Both Sam and Simpser confirmed that, while women are not in official leadership roles at the minyan, they are included in some aspects of the minyan’s operation. For example, a current project that Klein @ 9 is working on is changing the mechitzah. The current mechitzah is a curtain that closes off the back left corner of the room. Sam elaborated that, “whether that’s to put [the mechitzah] down the middle or make it less of a curtain,” they do consult with women about decisions pertaining to how comfortable they are in the minyan.

A female student who resides in Washington Heights, but prefers to remain unnamed, reflected upon the overall attitude towards women at the minyanim, noting that she refrains from attending minyanim on Wilf on Shabbat due to her discomfort of feeling like she is not welcome. “Women who live in Washington Heights are no peculiarity, but at the YU undergraduate level, we are understandably and fittingly an irregularity”, she said. “I feel uncomfortable being in the Wilf gender minority on Shabbat. Not all men who enroll at Yeshiva University expect that female students will partake in their religious communities, so my participation feels like an overstep into understandably partially unwelcoming territory.”

The issue of roles on campus is not exclusive to Wilf. This year as well as last, the Torah Activities Committee (TAC) has invited YU men to come to the Beren campus for Shabbat to complete a minyan for women to attend. One might, therefore, have thought to look towards Beren’s policies towards these visiting men and expect them to be consistent with those of their counterparts. As it turns out, however, there is actually a pattern of men being more limited on the Beren campus than females are on Wilf. Relaying his experience coming downtown for Shabbat in order to complete a minyan, Simpser expressed that “men feel excluded on Beren. Men are not allowed to go to programming downtown on Shabbat.” He elaborated that, apart from minyanim, he was told he cannot listen to speakers or shiurim.

Officially, the men who spend their Shabbat downtown, also known as “Minyan Men”, have separate meals and programming, but are welcome into the dorm lounges and any programming that takes place in the Beren beit midrash. Adina Cohen, the Vice President of TAC, explained that the reasoning for these policies is not so unlike the explanation given for Wilf’s policies. “There is a large population of women on campus who prefer not to have coed programming and, in addition to the value of davening tefillah b’tzibur, we also strive to maintain the all-women’s feel of Shabbat on Beren campus.”

In response to these concerns of making everyone comfortable, there are subtle differences between the way Shabbat is run on Beren and Wilf, nuances that Simpser attributed to the more “imposing presence” of Rebbeim on the uptown campus. One such difference is the policy regarding women kissing the Torah after Torah reading.

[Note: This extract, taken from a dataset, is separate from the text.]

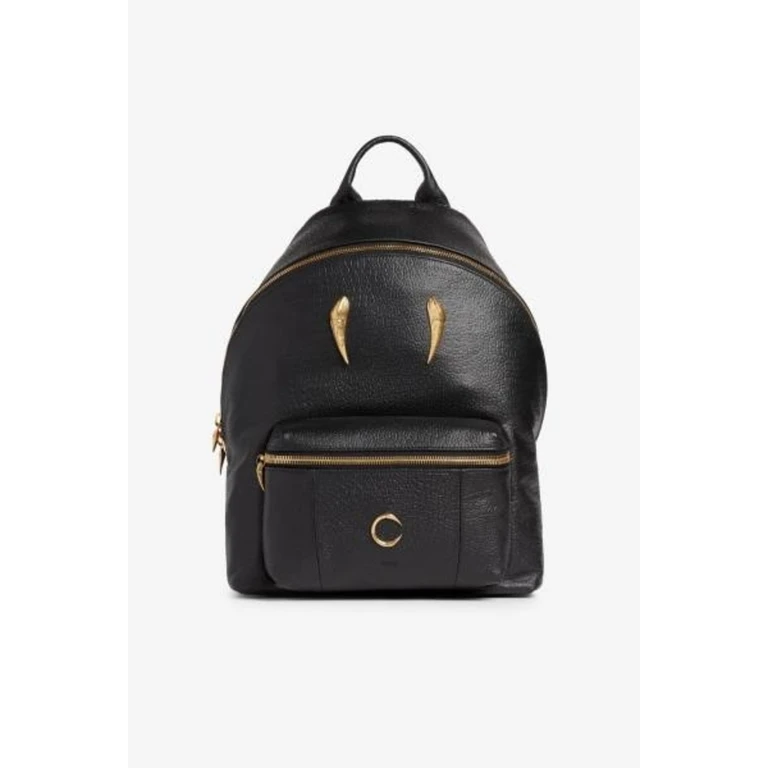 Black Gilded Talon Leather Backpack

Yael Green, Student Recruiter of the Shabbat Enhancement Committee, stated, “the current policy is that a man will take the Torah out of the Ark and he will hold it at the front of the women’s section and Rabbi Rozensweig, the Shabbat rabbi, will announce ‘at this point we invite everyone to come forward and kiss the Torah.’” On Wilf, the leaders of the Klein @ 9 minyan do not offer the opportunity for the women to come up and kiss the Torah. Upon being asked if a similar policy to allow women to kiss the Torah has ever been discussed on Wilf, Simpser replied that he “doesn’t know if it would be allowed, but it has also never come up, to my knowledge.”

With more female students residing in the Heights, there is a call for more transparency regarding the current policies, as well as reevaluating them based on the needs of the community. While the status quo might ensure the comfort of a large population on Wilf campus, the developing community deserves to know the guidelines, as well as have a voice in the conversation that affects their Shabbat experience. Understanding guidelines for the current programming may enhance Shabbat as well as limit any further miscommunications between the student body and heads of programming.